** Input follows **

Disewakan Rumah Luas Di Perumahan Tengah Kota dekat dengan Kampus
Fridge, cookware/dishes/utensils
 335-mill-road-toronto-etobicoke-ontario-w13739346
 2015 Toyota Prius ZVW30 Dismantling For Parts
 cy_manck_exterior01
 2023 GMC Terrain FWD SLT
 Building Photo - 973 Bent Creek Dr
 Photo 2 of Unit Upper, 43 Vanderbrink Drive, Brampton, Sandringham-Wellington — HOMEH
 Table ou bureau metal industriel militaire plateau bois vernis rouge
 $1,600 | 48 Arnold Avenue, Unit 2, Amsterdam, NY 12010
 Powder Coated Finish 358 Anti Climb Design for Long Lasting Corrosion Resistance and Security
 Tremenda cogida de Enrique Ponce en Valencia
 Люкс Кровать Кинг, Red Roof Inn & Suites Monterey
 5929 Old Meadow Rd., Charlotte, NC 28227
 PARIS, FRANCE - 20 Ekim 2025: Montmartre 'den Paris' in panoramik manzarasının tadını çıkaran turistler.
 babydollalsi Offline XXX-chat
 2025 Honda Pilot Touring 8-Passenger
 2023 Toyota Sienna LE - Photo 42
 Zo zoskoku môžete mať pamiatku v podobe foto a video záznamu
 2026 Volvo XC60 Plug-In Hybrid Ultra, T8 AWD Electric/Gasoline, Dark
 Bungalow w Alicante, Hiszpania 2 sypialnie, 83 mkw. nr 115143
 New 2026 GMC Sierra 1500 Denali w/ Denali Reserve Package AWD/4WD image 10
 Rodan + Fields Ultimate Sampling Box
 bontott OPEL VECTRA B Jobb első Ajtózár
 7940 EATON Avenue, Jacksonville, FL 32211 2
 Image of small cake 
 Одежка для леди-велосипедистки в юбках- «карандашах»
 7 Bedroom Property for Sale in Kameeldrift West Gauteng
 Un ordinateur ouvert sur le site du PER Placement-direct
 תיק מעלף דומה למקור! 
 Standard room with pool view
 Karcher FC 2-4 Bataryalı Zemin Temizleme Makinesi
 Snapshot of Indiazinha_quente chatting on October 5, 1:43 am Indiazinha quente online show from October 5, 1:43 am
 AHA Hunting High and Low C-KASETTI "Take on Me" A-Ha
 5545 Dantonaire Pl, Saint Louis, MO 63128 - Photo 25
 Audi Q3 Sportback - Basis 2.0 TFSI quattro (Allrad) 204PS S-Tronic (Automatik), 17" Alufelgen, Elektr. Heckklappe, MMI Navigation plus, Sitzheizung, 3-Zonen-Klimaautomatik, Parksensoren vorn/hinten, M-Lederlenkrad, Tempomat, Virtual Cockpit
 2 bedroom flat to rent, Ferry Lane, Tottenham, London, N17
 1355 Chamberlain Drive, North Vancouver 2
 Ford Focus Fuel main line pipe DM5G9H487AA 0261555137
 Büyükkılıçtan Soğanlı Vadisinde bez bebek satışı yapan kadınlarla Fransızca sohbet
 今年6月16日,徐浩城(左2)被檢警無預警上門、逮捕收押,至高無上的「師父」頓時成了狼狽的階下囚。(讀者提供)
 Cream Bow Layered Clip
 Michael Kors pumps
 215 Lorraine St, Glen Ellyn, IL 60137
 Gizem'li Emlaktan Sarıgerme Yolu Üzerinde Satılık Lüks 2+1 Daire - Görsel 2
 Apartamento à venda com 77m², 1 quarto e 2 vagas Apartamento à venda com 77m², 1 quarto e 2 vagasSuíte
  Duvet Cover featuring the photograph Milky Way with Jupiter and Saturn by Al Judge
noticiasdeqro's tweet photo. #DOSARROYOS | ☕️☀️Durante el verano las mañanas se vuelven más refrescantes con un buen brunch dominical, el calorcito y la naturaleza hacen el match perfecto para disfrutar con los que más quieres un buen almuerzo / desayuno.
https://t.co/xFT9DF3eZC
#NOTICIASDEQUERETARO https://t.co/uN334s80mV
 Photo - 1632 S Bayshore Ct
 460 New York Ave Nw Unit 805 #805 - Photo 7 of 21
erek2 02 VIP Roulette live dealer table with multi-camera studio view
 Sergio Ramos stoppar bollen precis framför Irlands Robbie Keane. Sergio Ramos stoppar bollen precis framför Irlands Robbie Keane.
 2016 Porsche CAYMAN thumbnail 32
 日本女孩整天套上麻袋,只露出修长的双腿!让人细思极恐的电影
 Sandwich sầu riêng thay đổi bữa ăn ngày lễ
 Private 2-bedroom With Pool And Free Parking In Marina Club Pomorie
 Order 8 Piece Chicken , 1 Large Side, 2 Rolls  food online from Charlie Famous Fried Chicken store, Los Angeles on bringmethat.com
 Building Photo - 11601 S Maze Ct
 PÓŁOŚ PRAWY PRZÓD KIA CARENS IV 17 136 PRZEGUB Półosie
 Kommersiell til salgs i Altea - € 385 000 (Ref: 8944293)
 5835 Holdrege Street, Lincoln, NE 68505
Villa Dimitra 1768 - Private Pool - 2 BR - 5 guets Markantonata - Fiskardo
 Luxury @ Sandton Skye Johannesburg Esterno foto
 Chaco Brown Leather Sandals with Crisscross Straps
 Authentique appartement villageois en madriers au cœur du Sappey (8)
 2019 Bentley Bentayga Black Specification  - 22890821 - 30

** End of Input **

## About this task
Give again, exactly, every line from the one holding "Luxury @ Sandton" to the last line of the data.

## Response
 Luxury @ Sandton Skye Johannesburg Esterno foto
 Chaco Brown Leather Sandals with Crisscross Straps
 Authentique appartement villageois en madriers au cœur du Sappey (8)
 2019 Bentley Bentayga Black Specification  - 22890821 - 30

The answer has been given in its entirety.